What do I do now? I just crushed yesterday and during all the confusion of our wine club group crush, I made a mistake in my math for adding sulfites. I have about 50 gallons of cab sauv must and I ended up adding about 7 teaspoons of potassium metabisulfite. I should have used only about 2.5 teaspoons. My brix are about 25.5 and my PH is 3.14. I don't have my TA yet because my chemicals are still in the mail. I plan to do MLF. I would also like to add my yeast tonight. Are there some yeasts that will do better with high sulfites? What is going to happen if I have too much sulfites? Any suggestions on what I should do?


----------



## Deezil (Oct 23, 2010)

Stir until your arm falls off, then pick it up and stir some more.. I had too much sulfite in my peach at first, stirred it and it started.. Too much sulfite, and it wont start..


----------



## Tom (Oct 23, 2010)

Yep.. Stir like crazy and leave the lid off for a couple of days so the sulfites can release


----------



## Tom (Oct 23, 2010)

DO NOT ADD YEAST tonight


----------



## Dufresne11 (Oct 23, 2010)

Introduce as much O2 as possible...


----------



## Wade E (Oct 23, 2010)

I agree with above and will say you should really get an S02 test now to. If possible I would splash rack the wine instead of stirring if you can as that will let the excess S02 out much easier then just stirring. I would not attemp adding yeast for a few days. The reason I say get an S02 test is to test the S02 after fermentation to see if you have burned through enough S02 for your Malo to be possible. 20 - 30 PPM is about the most any MLB will start in and even that is pretty high. I would get a good starter yeast going right now with some store bought grape juice with no sulfites or sorbate or even benzoate in it and get that going good and then start slowly introducing your must into it to get your yeast acclimated to a higher sulfite level. Start with maybe a quart and once thats going good add 1 cup of your must. If that gets going good add another cup. Keep doing this until youve at least dbled your starter and hopefully by then you will have gotten your S02 level down enough.


----------



## Joedaddy (Oct 23, 2010)

Thanks guys, my arm is sore now. I also have too many stems in the must so I am stirring and picking stems at the same time. I guess I can hold off on fermentation because the grapes aren't going to spoil because of the lack of sulfites. I already have a fruit fly prob so I just put a sheet over the fermenters. It doesn't smell like sulfites like it did last night so I am feeling better. I think I will wait on pitching yeast a couple of days and then I will test sulfites before I get MLF going.

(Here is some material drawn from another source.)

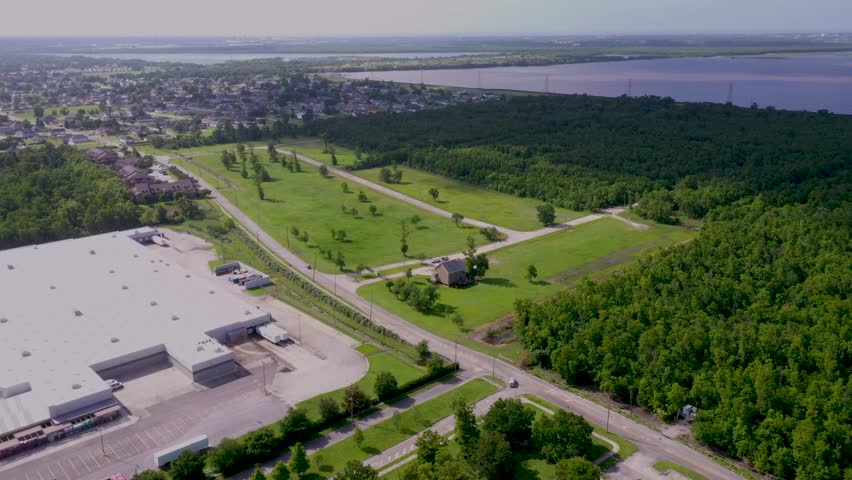 Aerial footage tracking Patricia Street in Chalmette, Louisiana, showing retail buildings, cars, the Mississippi River, houses, and the 40 Arpent Wetlands in the distance.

A bigger problem than sulfites might be high acidity. It wasn't the best year for growing grapes in Washington State and a lot of people are having to add stuff to adjust acid. I am going to wait on adding anything until I test again after fermentation.


----------



## grapeman (Oct 24, 2010)

If it is real high in acid, then you might do better to add calcium carbonate now to correct, especially in light of the high sulfites. If you can't get the malo going later because of it, you will be stuck with a high acid since with potassium carbonate you are limited to no more than a 0.3 drop.


----------



## Joedaddy (Oct 26, 2010)

Life is good now. It started fermentation this morning just fine. Acid is not too high.


----------